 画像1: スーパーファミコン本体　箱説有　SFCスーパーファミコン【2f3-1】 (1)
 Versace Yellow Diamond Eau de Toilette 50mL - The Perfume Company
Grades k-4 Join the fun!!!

::::

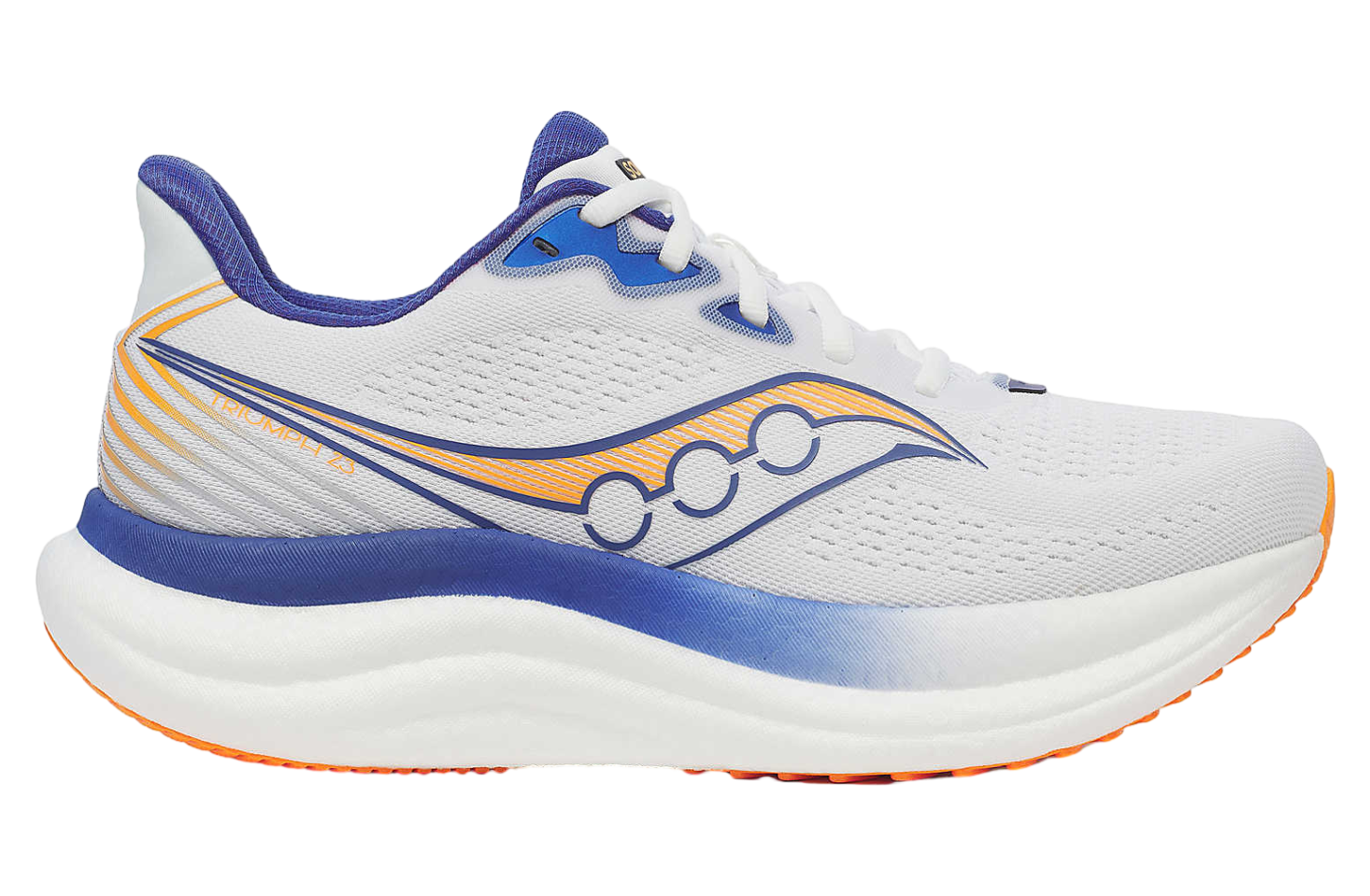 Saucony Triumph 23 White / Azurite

::::

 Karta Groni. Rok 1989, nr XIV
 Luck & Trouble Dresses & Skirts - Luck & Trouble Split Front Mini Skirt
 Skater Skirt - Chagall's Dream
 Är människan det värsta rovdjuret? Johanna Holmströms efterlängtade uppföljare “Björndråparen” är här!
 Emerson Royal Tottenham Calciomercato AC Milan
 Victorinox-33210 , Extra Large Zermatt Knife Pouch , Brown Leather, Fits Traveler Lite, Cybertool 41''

::::

## About this exercise
In the data above, which lines include "Skirt"? Return those lines.

## Solution
 Luck & Trouble Dresses & Skirts - Luck & Trouble Split Front Mini Skirt
 Skater Skirt - Chagall's Dream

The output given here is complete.